Featuring Parvathy Baul, one of the few performing female bauls, the 71 year old Narayan Chandra Adhikari all in saffron, The patchwork tapestery of the bearded Shyam Sunder Das Baul and the Sreekhol (percussion) sophistry of young Bidyut Rajbongshi.






































What does Baul mean? Rootless, with no attachment? Air, like the very deep breath of meditation that takes us to divine salvation? Or is it just madness, a crazed, unconditional love for the One that sustains us all? Like all means of finding truth within and without, the tradition of Baul is an organism that encompasses all those answers.

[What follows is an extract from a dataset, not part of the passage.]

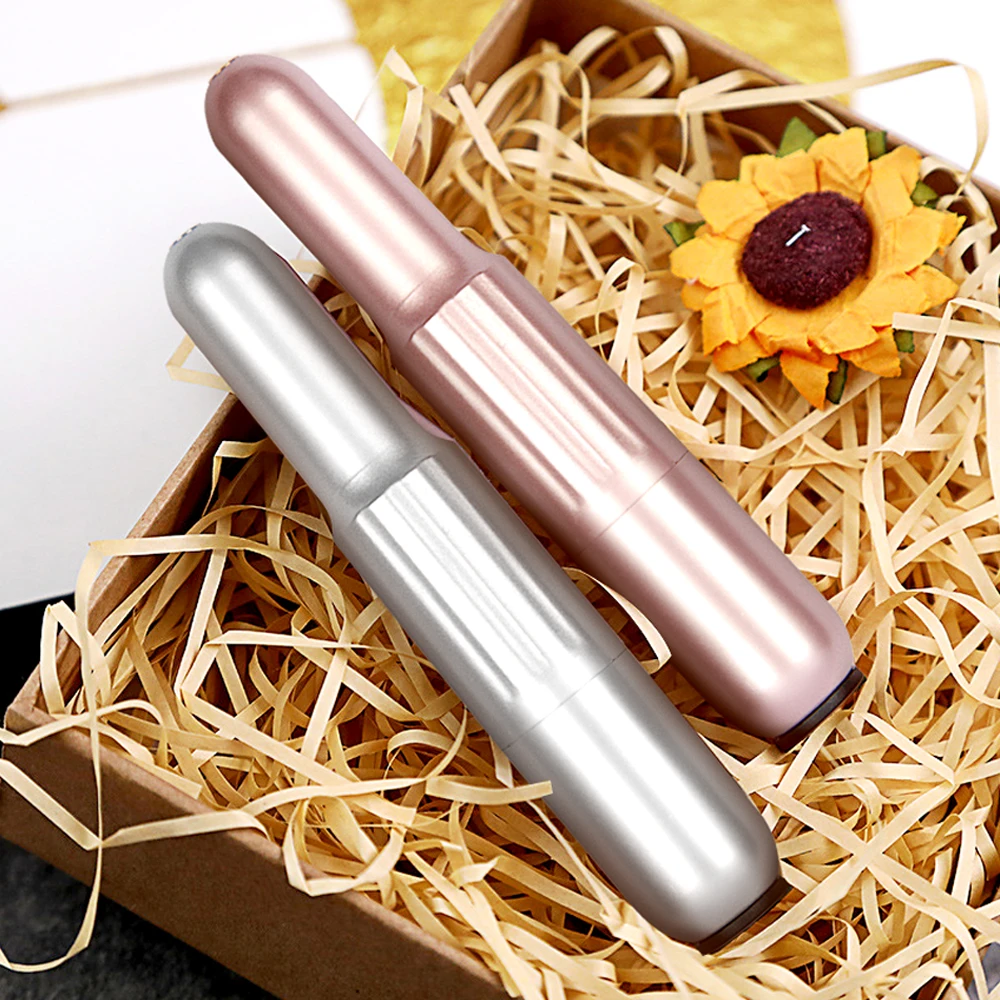 MOSKANY Electric Nail Drill Machine Portable Manicure Machine Charging Mill Cutter for Manicure Nail File Pedicure Tool Supplies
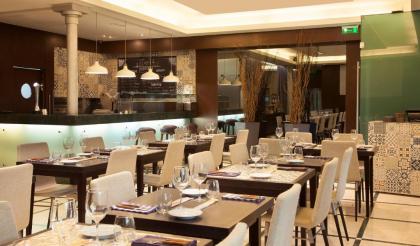 TURIM Restauradores Hotel - image 20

Baul has its roots in West Bengal, India, and is of the same brand of rising-above-religion mysticism as Sufism. Hindu Baul practitioners have had fakirs for gurus and vice versa, enabling this form to truly look at the individual soul placed in the larger picture without the constraints of popular religious dogmas. Its very roots lie in a rebellion against the horrors that the caste system entails. This is truly a community for anyone, woman or man, rich or poor, Guru or shishya. It doesn’t matter if the words, performance, or energy draw you to the Baul.
Unlike the moth to the flame, the light that they live in and so eagerly share is one that can lift us beyond the limitations of our existential angst. The light that can help us touch beatitude. The light of life, love and the infinite.